1 tn The preposition “like” creates a small tension here. So some ignore the preposition and read “clay” as an adverbial accusative of the material (GKC 371 §117.hh but cf. 379 §119.i with reference to beth essentiae: “as it were, by clay”). The NIV gets around the problem with a different meaning for the verb: “you molded me like clay.” Some suggest the meaning was “as [with] clay” (in the same manner that we have “as [in] the day of Midian” [Isa 9:4]).
2 tn The text has a conjunction: “and to dust….”
3 tn The verb נָתַךְ (natakh) means “to flow,” and in the Hiphil, “to cause to flow.”
4 tn This verb קָפָא (qafa’) means “to coagulate.” In the Hiphil it means “to stiffen; to congeal.”

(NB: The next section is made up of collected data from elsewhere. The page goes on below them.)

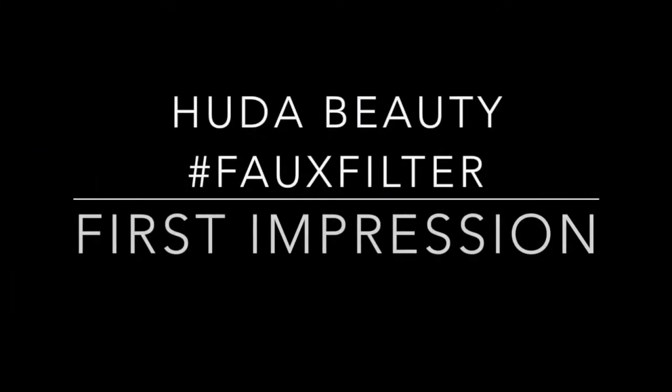Look at this — what the heck, oh god, is this even real? Hello everyone, welcome back to my channel. Today I am going to be reviewing the new Huda Beauty foundation.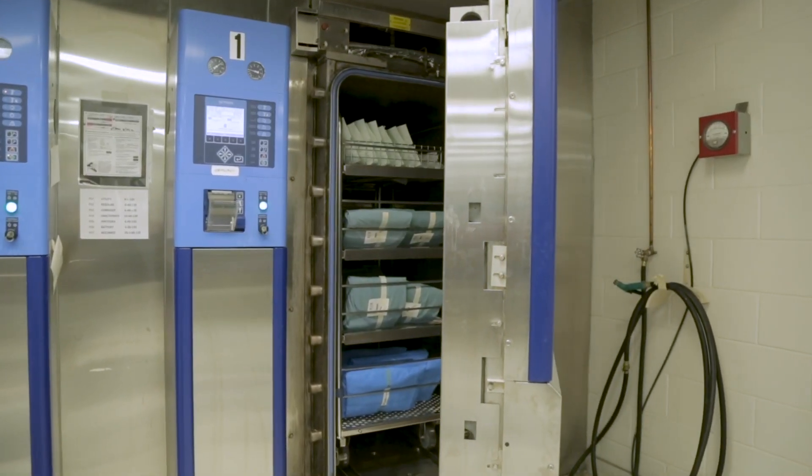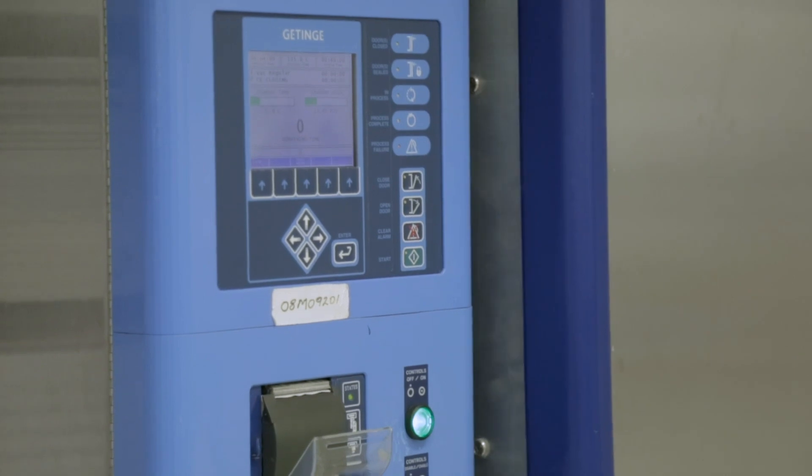It's a great career for somebody who wants to be a part of change and the evolution that healthcare is taking.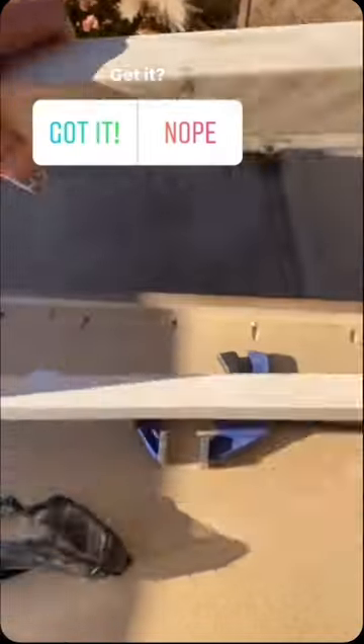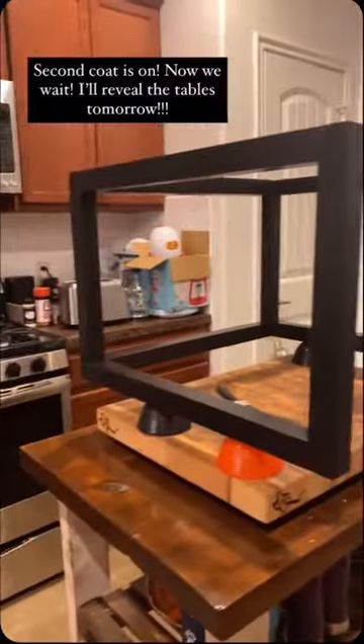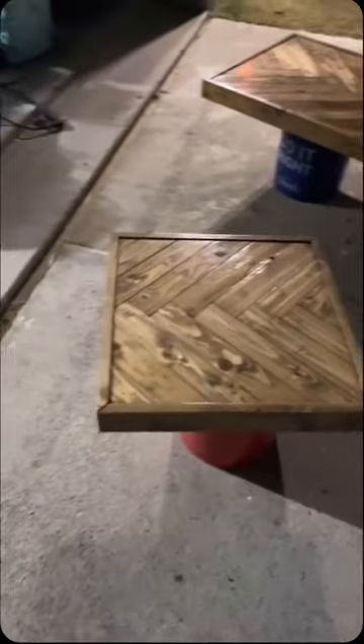I built the legs out of 2x3s and ripped them down into 1.5 inch by 1.5 inch pieces. Then I primed and painted them tricorn black.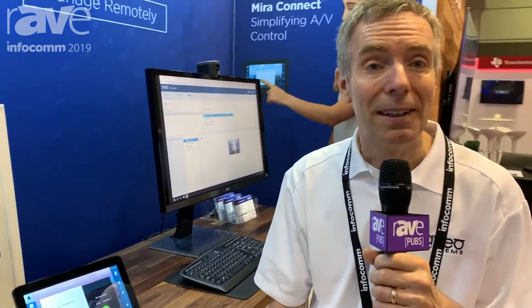Thank you for joining us at Avio Systems. You can learn more at aviosystems.com. Thank you.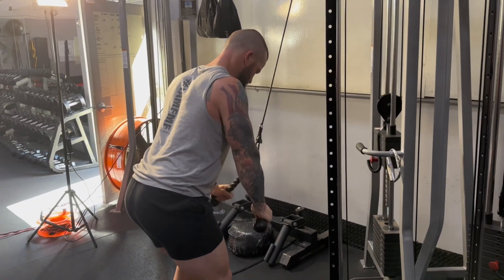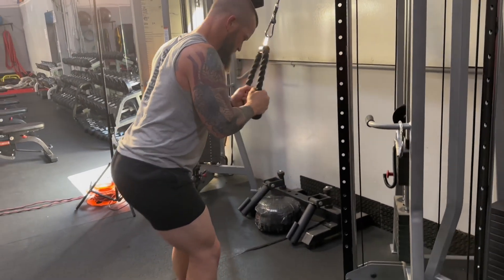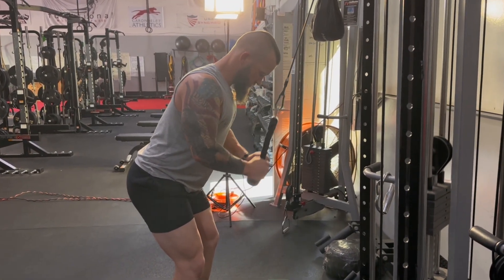Rope cable press down, one of the more common exercises that are done but often done improperly. Start by grasping the rope, and at the bottom make sure your arms hit full extension and you turn the rope knobs out, pause, and then return back until your forearms are slightly above parallel to the floor.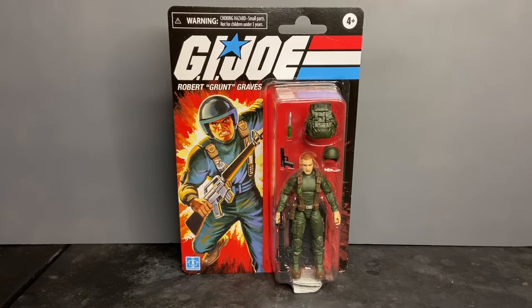Welcome to Dark Horizon Creations. I'm Mike. This time we're taking a look at the G.I. Joe Retro Collection Grunt Action Figure by Hasbro. If you haven't already, please follow, like, and subscribe to my social media accounts on Facebook, Instagram, and YouTube.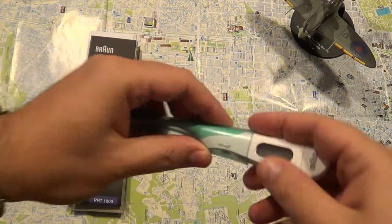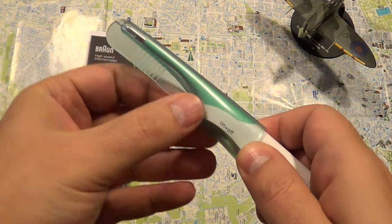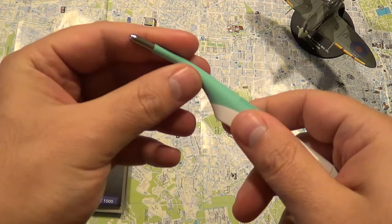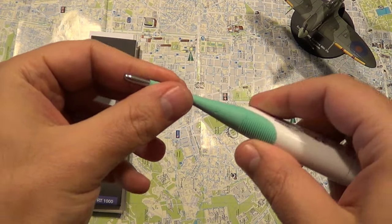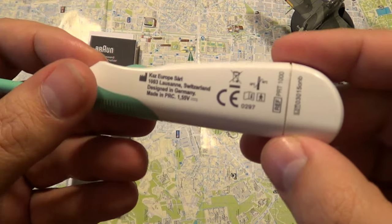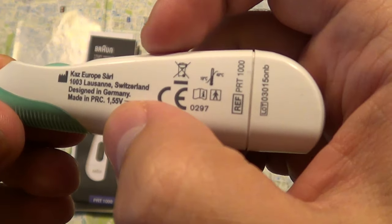So let's see what it looks like. It's plastic of course, it has a casing, and what's a bit peculiar is the fact that this tip here, this edge, is flexible. It will take a 1.55-volt battery.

sn These verses figuratively describe the formation of the embryo in the womb.
6 tn The skin and flesh form the exterior of the body and so the image of “clothing” is appropriate. Once again the verb is the prefixed conjugation, expressing what God did.
7 tn This verb is found only here (related nouns are common) and in the parallel passage of Ps 139:13. The word סָכַךְ (sakhakh), here a Poel prefixed conjugation (preterite), means “to knit together.” The implied comparison is that the bones and sinews form the tapestry of the person (compare other images of weaving the life).